Cost Analysis

Mistakes happen – learn to deal with them

December 27, 2013 

In the past few weeks, I’ve heard the following comment several times: “He/she should lose their job for that!” I’m not in human resources and frankly never intend to be, and I don’t think the people calling for people’s heads have been in that line of work either.

This message sort of goes hand-in-hand with my column from last week about people looking everywhere for reasons to be offended and it amazes me how many armchair personnel directors are out there.

We aren’t always talking about drastic offenses that draw ire. Not everyone has a Justine Sacco-like tweet about catching AIDS in Africa to get the pitchforks pointed at them. I was inside a fast food restaurant when a mixed-up order had an unsatisfied customer looking for the baby-faced teen to lose his part-time job.

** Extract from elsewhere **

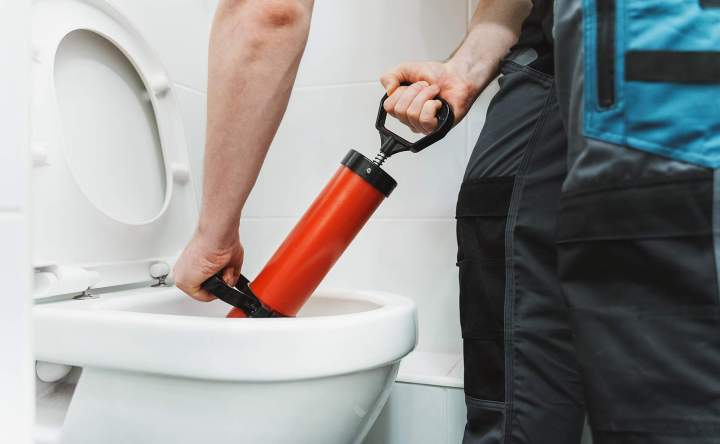 Spécialiste du débouchage de WC et sanitaires.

We have become a society where mistakes are not tolerated, but it is sort of a bizarre way we look at which offenses are considered OK and which ones have masses looking for pink slips to be handed out. Say or do something moronic in a drunken or drug-addled stupor and people might actually side with you and take pity because of the addiction issues. Simply be a blue-collar guy who makes an offensive statement, and all hell breaks loose.

Have some clerk make an error that causes any difficulty at all and people think a firing is in order. Get a waiter who is a little slow and people want a head to roll. A Christmas package that you ordered two days before the festive holiday doesn’t arrive until the day after Christmas? Don’t blame yourself for waiting until the last minute, look for the guys who normally do a great job at expediting packages for dropping the ball on the busiest shipping day of the year.

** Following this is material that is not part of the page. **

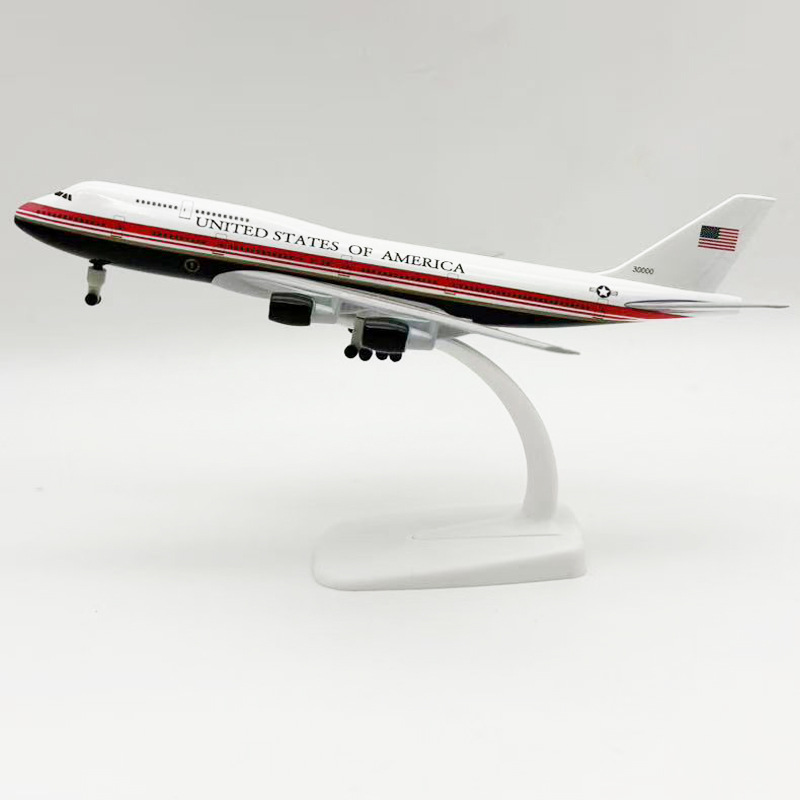 新登場 20cm ミニチュア飛行機 エアフォースワン B74 - Model Kit Aircraft のレビューと価格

It is bad when these are isolated incidents, but get a mob involved and it snowballs terribly. Take the flap over the “Duck Dynasty” saga. It isn’t enough that people were so upset that they called for sanctions to the show, you also have ancillary fallout. Cracker Barrel originally stopped selling “Duck Dynasty” merchandise immediately after the firestorm, but pressure from their customers made them reverse their decision. Now, GLADD, an advocate for gay rights and issues, wants sanctions in place at Cracker Barrel; They want executives to lose their jobs and are asking the public to boycott the restaurant.

To me, it seems to me Cracker Barrel is between a rock and a hard place here. Take action and you anger customers. Reverse course and you anger some group that will work to cost you future customers. It seems like a vicious cycle. Inevitably somebody then says or does something stupid that will cause the cycle to repeat and so on.

Whatever happened to the saying “mistakes happen?” I just wonder how people would feel if the standards they apply to others were to applied to them. I know I’d have been fired years ago and I have a pretty good performance history.

Firings don’t fix mistakes, but perhaps training does.